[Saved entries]

————————

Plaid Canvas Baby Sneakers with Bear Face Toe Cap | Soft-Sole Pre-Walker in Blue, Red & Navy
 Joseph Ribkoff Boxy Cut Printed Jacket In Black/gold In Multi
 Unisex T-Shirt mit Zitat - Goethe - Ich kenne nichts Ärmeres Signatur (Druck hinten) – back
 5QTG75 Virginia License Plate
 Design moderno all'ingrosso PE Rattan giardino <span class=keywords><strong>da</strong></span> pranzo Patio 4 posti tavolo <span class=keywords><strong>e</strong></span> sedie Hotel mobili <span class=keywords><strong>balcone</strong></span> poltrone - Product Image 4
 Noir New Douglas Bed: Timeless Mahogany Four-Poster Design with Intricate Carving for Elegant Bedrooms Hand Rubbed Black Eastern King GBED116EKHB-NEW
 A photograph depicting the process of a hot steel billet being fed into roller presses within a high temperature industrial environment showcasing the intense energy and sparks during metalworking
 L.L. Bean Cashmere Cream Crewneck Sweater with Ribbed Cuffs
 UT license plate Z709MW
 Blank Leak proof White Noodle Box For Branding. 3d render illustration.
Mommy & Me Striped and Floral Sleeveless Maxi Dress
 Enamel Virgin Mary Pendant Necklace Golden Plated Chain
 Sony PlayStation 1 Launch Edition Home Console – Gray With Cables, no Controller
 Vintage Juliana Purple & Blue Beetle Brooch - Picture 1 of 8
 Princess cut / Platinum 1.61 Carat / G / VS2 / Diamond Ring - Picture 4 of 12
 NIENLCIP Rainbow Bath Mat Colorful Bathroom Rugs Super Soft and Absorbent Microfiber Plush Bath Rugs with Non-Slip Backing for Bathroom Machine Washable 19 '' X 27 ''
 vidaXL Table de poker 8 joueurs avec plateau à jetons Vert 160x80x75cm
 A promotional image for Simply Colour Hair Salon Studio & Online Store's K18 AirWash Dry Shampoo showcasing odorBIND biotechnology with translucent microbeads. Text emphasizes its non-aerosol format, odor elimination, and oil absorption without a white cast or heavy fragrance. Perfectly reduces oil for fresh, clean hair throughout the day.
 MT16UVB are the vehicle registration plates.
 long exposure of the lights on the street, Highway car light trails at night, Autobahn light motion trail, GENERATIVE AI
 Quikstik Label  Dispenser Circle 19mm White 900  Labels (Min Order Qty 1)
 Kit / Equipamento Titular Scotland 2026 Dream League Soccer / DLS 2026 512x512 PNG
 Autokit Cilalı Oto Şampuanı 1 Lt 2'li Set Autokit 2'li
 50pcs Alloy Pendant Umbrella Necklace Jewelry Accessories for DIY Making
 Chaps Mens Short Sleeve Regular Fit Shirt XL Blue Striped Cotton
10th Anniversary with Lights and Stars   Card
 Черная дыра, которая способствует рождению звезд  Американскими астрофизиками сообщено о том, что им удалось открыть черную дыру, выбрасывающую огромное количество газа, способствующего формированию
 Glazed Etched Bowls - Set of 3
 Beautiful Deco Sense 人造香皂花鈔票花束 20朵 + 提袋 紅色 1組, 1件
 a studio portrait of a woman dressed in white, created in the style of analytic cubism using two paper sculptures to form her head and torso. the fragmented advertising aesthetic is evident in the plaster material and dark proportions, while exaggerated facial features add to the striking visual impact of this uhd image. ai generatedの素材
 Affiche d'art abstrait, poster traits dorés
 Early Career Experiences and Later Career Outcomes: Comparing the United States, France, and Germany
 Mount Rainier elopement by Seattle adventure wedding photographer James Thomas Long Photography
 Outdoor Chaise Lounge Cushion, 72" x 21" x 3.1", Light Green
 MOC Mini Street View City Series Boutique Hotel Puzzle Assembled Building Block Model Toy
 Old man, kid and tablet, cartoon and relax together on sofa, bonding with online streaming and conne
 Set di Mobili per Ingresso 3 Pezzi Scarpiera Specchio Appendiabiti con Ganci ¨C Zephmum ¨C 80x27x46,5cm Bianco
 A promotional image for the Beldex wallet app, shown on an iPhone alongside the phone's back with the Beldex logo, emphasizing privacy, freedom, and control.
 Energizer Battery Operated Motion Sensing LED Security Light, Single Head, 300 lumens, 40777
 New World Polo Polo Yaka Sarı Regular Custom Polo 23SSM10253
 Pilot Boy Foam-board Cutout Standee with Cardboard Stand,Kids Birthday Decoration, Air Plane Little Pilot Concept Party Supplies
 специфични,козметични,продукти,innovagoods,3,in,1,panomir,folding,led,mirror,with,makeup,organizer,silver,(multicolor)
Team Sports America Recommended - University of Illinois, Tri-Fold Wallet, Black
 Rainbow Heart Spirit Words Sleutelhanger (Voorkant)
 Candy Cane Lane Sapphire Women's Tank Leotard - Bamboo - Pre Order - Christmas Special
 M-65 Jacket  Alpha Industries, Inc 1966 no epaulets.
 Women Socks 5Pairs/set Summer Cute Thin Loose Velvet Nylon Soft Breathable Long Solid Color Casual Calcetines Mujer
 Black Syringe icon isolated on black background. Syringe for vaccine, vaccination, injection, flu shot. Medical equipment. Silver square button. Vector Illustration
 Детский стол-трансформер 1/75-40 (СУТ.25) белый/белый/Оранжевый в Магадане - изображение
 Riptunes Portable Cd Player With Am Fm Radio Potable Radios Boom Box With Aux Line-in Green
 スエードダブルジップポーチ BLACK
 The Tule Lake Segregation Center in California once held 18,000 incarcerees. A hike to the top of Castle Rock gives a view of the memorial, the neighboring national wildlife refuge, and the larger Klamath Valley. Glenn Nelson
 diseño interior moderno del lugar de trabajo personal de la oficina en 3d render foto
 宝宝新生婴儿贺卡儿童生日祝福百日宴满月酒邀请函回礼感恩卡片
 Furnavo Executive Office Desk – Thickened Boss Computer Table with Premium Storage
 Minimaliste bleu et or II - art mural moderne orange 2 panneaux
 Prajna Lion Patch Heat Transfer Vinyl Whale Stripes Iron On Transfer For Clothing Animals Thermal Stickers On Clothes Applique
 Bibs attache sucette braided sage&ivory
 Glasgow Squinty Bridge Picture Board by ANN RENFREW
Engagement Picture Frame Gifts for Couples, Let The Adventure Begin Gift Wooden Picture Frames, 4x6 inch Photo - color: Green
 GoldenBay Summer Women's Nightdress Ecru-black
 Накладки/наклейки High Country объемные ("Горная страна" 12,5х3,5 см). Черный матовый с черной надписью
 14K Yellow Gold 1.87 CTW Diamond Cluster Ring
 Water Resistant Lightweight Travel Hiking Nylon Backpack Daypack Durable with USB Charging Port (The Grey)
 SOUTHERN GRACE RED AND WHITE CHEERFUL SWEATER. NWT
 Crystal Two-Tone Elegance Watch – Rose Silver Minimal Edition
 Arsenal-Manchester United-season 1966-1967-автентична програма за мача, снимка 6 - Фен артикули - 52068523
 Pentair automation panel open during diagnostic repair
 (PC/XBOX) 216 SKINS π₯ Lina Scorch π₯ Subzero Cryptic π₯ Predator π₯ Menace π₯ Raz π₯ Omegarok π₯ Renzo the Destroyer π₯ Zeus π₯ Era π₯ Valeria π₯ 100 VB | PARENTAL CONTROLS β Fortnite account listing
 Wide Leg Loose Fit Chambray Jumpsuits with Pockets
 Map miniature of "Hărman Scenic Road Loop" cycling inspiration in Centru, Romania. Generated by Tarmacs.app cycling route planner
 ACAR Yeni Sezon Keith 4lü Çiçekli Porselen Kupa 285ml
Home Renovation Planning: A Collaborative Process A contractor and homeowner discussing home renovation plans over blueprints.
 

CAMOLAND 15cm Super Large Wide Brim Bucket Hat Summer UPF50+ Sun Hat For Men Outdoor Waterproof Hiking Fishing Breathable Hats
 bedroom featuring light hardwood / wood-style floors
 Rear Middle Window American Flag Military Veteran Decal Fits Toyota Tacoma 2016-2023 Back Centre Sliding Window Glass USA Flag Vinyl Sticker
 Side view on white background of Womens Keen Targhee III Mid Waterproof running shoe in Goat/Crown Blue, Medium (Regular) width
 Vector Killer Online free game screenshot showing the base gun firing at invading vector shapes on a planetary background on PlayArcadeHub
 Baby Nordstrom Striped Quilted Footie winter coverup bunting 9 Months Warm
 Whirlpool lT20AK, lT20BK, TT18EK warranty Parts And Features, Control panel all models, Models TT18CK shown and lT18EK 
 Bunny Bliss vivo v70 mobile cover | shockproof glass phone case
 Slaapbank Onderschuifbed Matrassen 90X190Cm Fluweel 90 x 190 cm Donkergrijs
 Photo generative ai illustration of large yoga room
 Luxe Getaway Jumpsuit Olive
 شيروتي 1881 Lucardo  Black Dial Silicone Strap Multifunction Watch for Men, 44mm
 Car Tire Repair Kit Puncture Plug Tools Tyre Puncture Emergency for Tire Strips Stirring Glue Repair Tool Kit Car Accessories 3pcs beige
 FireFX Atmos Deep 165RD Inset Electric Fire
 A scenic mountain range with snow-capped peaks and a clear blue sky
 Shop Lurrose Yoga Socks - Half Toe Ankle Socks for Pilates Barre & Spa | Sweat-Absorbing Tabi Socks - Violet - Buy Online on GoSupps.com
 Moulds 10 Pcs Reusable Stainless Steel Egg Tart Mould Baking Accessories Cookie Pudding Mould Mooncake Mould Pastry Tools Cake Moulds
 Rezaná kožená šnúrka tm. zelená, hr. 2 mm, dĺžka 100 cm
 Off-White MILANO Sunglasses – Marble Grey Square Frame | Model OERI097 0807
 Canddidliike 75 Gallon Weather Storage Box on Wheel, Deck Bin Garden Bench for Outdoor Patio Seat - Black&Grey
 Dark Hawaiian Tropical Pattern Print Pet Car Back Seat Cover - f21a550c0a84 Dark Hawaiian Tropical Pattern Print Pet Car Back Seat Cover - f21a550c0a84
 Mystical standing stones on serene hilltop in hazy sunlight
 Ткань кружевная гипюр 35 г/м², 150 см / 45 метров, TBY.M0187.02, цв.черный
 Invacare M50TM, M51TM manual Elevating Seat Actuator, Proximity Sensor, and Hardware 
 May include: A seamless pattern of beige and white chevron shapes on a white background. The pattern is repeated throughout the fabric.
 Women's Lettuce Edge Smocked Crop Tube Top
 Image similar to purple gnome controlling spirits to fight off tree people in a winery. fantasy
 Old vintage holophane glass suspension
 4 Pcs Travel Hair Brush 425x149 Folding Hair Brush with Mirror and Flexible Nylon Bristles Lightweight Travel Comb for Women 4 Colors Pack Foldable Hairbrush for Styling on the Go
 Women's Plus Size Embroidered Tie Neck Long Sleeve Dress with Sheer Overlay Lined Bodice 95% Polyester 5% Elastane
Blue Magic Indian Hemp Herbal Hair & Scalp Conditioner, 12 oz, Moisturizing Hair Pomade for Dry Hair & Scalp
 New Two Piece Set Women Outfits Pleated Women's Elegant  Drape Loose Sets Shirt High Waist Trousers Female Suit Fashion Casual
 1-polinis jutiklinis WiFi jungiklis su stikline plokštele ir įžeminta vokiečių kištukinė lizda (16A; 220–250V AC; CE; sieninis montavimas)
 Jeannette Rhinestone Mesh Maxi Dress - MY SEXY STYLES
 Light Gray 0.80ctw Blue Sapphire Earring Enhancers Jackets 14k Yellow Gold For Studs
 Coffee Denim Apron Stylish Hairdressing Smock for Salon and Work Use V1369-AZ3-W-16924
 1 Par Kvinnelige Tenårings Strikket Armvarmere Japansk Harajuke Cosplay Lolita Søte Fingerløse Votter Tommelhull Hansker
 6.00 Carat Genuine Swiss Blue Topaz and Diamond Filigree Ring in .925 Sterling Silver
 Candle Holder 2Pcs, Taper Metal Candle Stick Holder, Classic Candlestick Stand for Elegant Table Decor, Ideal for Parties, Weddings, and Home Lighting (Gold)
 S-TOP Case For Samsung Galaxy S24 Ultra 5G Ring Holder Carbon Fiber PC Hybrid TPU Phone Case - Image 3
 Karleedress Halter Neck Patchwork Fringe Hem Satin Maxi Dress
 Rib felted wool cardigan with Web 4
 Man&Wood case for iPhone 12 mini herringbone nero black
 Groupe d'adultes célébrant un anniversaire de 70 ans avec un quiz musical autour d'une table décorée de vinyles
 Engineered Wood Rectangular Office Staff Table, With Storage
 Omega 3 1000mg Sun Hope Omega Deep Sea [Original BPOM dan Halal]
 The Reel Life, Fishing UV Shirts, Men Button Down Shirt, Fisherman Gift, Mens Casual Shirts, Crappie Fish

————————

> _Problem description_
Above are some lines. Repeat exactly, and only, those from the line that has "1966 no epaulets." through the line that has "Wide Leg Loose".

> _Solved problem_
 M-65 Jacket  Alpha Industries, Inc 1966 no epaulets.
 Women Socks 5Pairs/set Summer Cute Thin Loose Velvet Nylon Soft Breathable Long Solid Color Casual Calcetines Mujer
 Black Syringe icon isolated on black background. Syringe for vaccine, vaccination, injection, flu shot. Medical equipment. Silver square button. Vector Illustration
 Детский стол-трансформер 1/75-40 (СУТ.25) белый/белый/Оранжевый в Магадане - изображение
 Riptunes Portable Cd Player With Am Fm Radio Potable Radios Boom Box With Aux Line-in Green
 スエードダブルジップポーチ BLACK
 The Tule Lake Segregation Center in California once held 18,000 incarcerees. A hike to the top of Castle Rock gives a view of the memorial, the neighboring national wildlife refuge, and the larger Klamath Valley. Glenn Nelson
 diseño interior moderno del lugar de trabajo personal de la oficina en 3d render foto
 宝宝新生婴儿贺卡儿童生日祝福百日宴满月酒邀请函回礼感恩卡片
 Furnavo Executive Office Desk – Thickened Boss Computer Table with Premium Storage
 Minimaliste bleu et or II - art mural moderne orange 2 panneaux
 Prajna Lion Patch Heat Transfer Vinyl Whale Stripes Iron On Transfer For Clothing Animals Thermal Stickers On Clothes Applique
 Bibs attache sucette braided sage&ivory
 Glasgow Squinty Bridge Picture Board by ANN RENFREW
Engagement Picture Frame Gifts for Couples, Let The Adventure Begin Gift Wooden Picture Frames, 4x6 inch Photo - color: Green
 GoldenBay Summer Women's Nightdress Ecru-black
 Накладки/наклейки High Country объемные ("Горная страна" 12,5х3,5 см). Черный матовый с черной надписью
 14K Yellow Gold 1.87 CTW Diamond Cluster Ring
 Water Resistant Lightweight Travel Hiking Nylon Backpack Daypack Durable with USB Charging Port (The Grey)
 SOUTHERN GRACE RED AND WHITE CHEERFUL SWEATER. NWT
 Crystal Two-Tone Elegance Watch – Rose Silver Minimal Edition
 Arsenal-Manchester United-season 1966-1967-автентична програма за мача, снимка 6 - Фен артикули - 52068523
 Pentair automation panel open during diagnostic repair
 (PC/XBOX) 216 SKINS π₯ Lina Scorch π₯ Subzero Cryptic π₯ Predator π₯ Menace π₯ Raz π₯ Omegarok π₯ Renzo the Destroyer π₯ Zeus π₯ Era π₯ Valeria π₯ 100 VB | PARENTAL CONTROLS β Fortnite account listing
 Wide Leg Loose Fit Chambray Jumpsuits with Pockets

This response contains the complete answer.